# Has anyone ever climbed



## sbrsport (Dec 26, 2005)

Highway 74 out of Palm Desert? On Google Earth they call it Pines to Palms Hyw. It appears to climb from 250 feet elevation to about 5000 feet. Wondering if it is safe with a reasonable shoulder. Thanks for any info.


----------



## allison (Apr 19, 2006)

sbrsport said:


> Highway 74 out of Palm Desert? On Google Earth they call it Pines to Palms Hyw. It appears to climb from 250 feet elevation to about 5000 feet. Wondering if it is safe with a reasonable shoulder. Thanks for any info.

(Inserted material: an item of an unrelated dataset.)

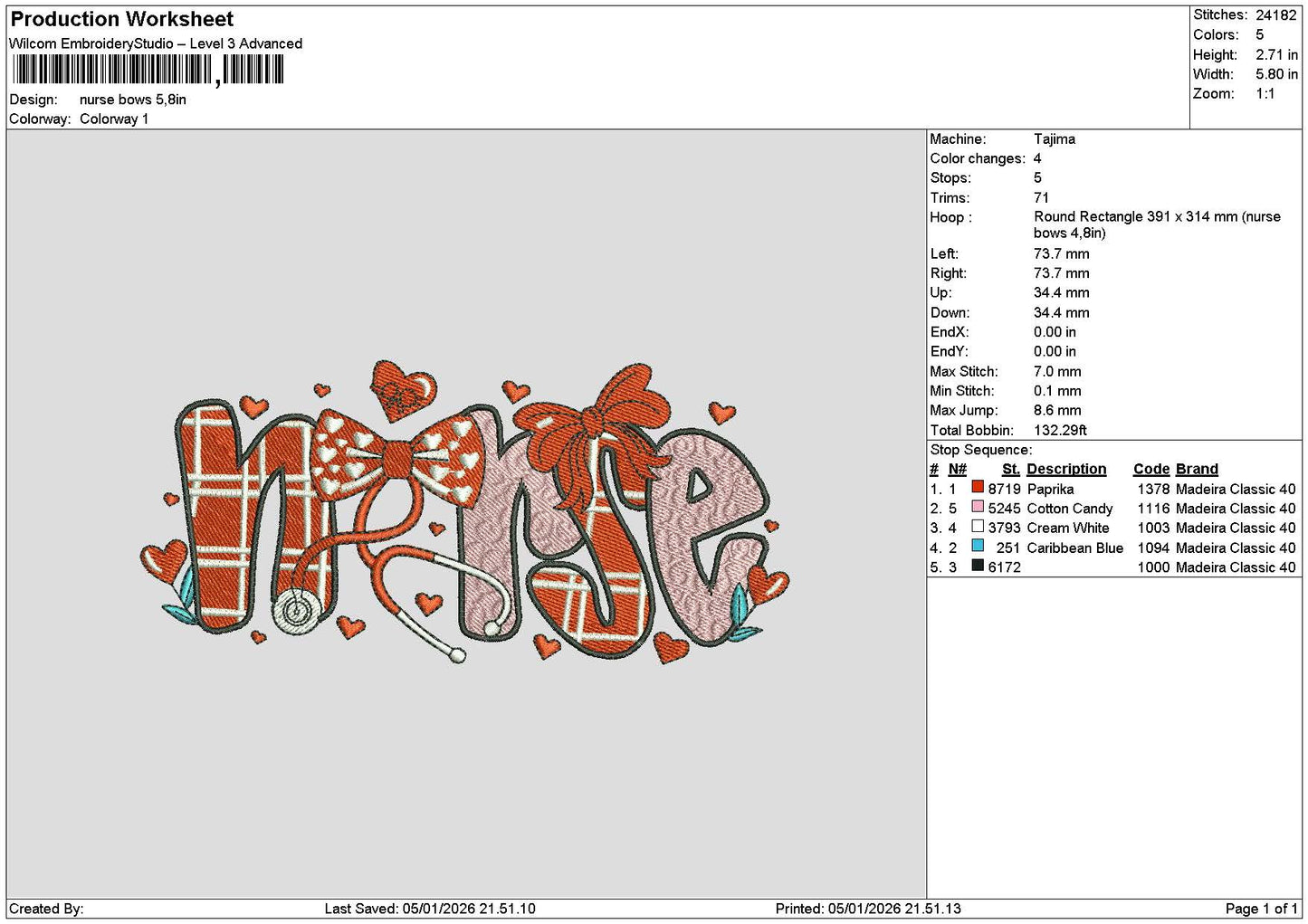 Nursetext 0501 Embroidery 3 Files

I've never ridden it (I wouldn't), but there's virtually no shoulder. We just drove up it last Saturday. It's a pretty narrow, windy road. I know there are those that do ride it, though. Definitely not the safest route around, IMO.


----------



## Gnarly 928 (Nov 19, 2005)

I've ridden it twice. A great climb and not too bad for autos. There is a shoulder, about like most two lanes everywhere...a few feet to a few inches, but there aren't any really blind corners, so motorists can see you a safe distance off. Water should be paid attention to, there aren't many places for it, but there are a few. I'd take 3 bottles this time of year. It can get windy and cold on top, you do get pretty high up there. Excellent descent back into Palm Desert...not steep, but sustained with big sweeping hairpin corners..
You can start right in Palm Desert. At the top, which is hard to define, you'll drop down and connect with hwy 79, I think. That road is pretty scary unless it is mid-day week day, because people try to commute on it or something.. 74, I probably would wait till 9am or so to avoid any early morning drivers headed to LA or SD.
A better desert to mountain ride is out of Borrego Springs up Montezuma Grade. Google that one. We ride that often and sometimes continue on to the top of Palomar, or over to Julian for an epic day of climbing...
Neat cycling roads through out the Mts. between SD and the Coachella Valley desert towns.
Don Hanson


----------



## jeff262 (Dec 19, 2005)

I plan on going up the 74 from Hemet to Humber Park in Idlylwild in late Summer. I will then be trail running to San Jac Pk and back then riding back down the mountain. I would love to go back down 243 into Banning, but not so sure about it. I don't think I'd ever go up that way, but at 25mph+ on the way down I'm thinking it may be possible.


----------



## photosbyjt (Apr 7, 2007)

A good long climb is HWY 39 from Azusa to Crystal Lake. It goes up to about 5,000 feet and has some steep switchbacks in the last few miles. Happy climbing. The downhill is fast and fun and traffic is light.


----------